Supply chain risk beyond just CVEs
Known-CVE scanning addresses one risk category, but modern supply-chain security also concerns itself with provenance — is this image actually built from the source you think it is, unmodified in transit. Image signing (via cosign/Sigstore) and SBOM (Software Bill of Materials) generation address this directly:
cosign sign --key cosign.key myregistry/myapp:latest
cosign verify --key cosign.pub myregistry/myapp:latest
syft myapp:latest -o spdx-json > sbom.json
An SBOM is a complete, structured manifest of every component in an image — useful both for scanning and for rapidly answering “are we affected by this new CVE” across an entire fleet of images the moment a new vulnerability is disclosed, without re-scanning everything from scratch.
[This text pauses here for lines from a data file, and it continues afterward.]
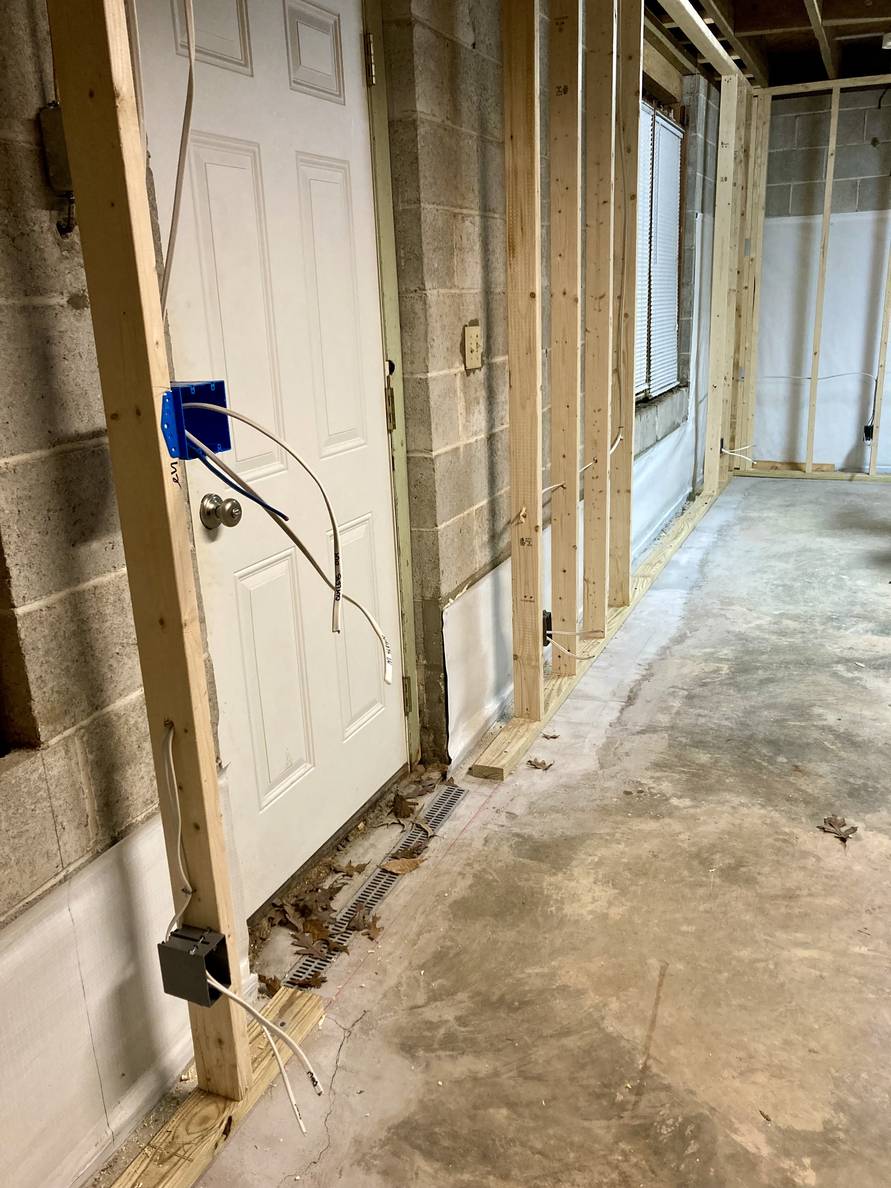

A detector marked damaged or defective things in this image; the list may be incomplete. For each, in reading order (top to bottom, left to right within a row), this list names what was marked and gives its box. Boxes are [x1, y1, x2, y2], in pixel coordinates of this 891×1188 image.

cracked concrete floor [198, 477, 891, 1183]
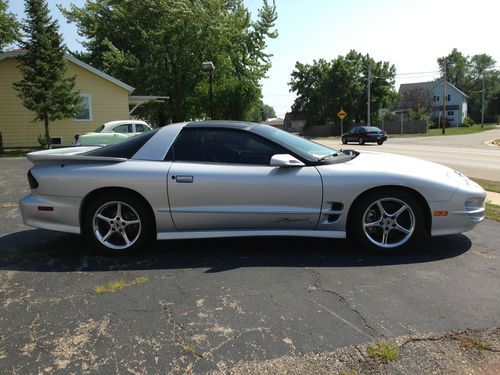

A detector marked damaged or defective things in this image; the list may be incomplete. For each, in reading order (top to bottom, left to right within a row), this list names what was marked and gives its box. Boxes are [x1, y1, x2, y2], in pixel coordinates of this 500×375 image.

cracked asphalt [0, 157, 498, 374]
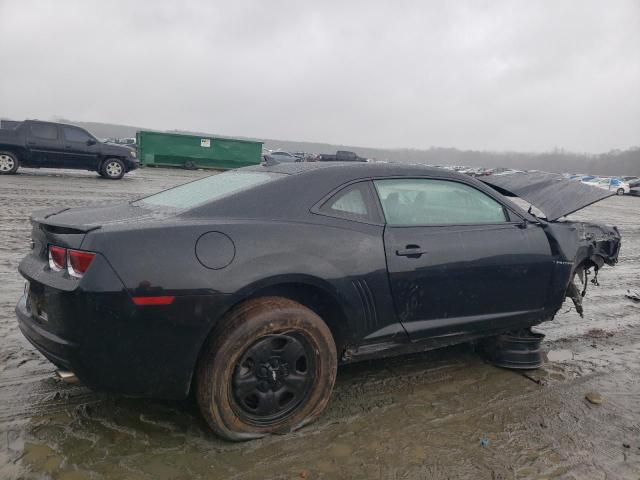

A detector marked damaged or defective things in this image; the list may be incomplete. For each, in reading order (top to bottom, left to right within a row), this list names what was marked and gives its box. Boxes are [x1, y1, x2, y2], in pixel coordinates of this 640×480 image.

crumpled hood [480, 172, 616, 220]
damaged black coupe [16, 163, 620, 440]
damaged front fender [540, 220, 620, 316]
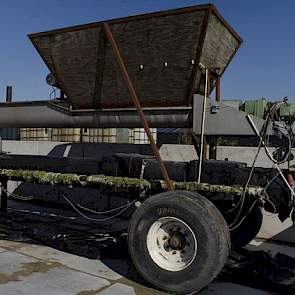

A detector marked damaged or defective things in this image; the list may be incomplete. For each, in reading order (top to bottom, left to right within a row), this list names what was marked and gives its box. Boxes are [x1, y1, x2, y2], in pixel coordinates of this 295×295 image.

rusty metal frame [103, 23, 173, 192]
rusty support beam [103, 24, 175, 193]
orange rusty post [104, 22, 175, 191]
rust stain [0, 262, 62, 286]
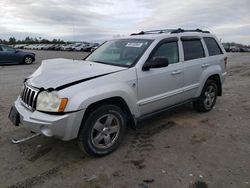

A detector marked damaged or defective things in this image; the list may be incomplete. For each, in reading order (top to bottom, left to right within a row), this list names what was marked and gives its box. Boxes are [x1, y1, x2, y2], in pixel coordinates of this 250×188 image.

crumpled hood [27, 58, 127, 89]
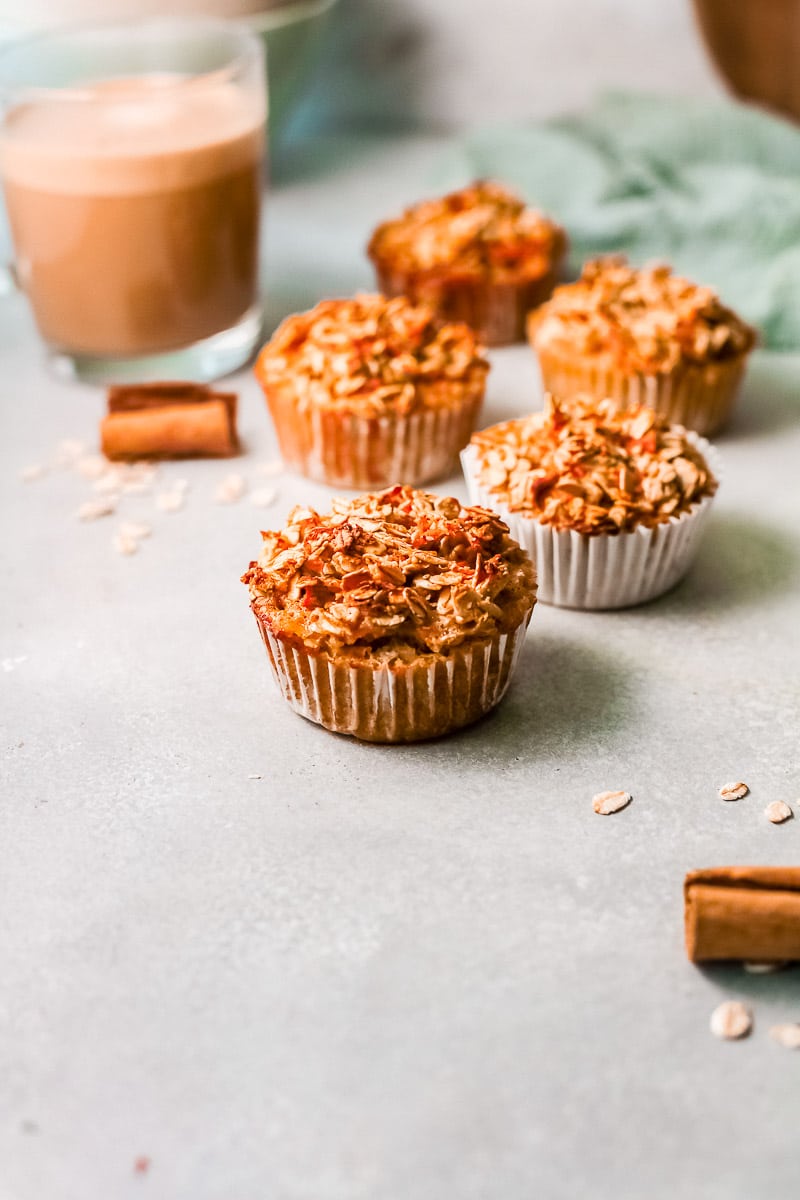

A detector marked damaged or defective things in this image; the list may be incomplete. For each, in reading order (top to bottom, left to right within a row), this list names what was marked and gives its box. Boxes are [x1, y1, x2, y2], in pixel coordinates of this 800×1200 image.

Admission control: enforcing scan results at deploy time
Scanning in CI only helps if a vulnerable image is actually prevented from being deployed — Kubernetes admission controllers (covered in more depth elsewhere on this blog) can enforce this as a cluster-wide policy, rejecting any pod whose image fails a vulnerability or signature check regardless of which pipeline produced it:
apiVersion: constraints.gatekeeper.sh/v1beta1
kind: K8sRequiredImageSignature
metadata:
name: require-signed-images
A practical baseline
For most teams, a reasonable minimum is: scan every image in CI, fail builds only on Critical/High vulnerabilities with an available fix, prefer minimal/distroless base images to shrink the surface in the first place, generate and store SBOMs for every release, and enforce signature verification at admission time in production clusters. None of this makes an image invulnerable — it makes known, fixable risk visible and blockable before it reaches production, which is the realistic, achievable goal.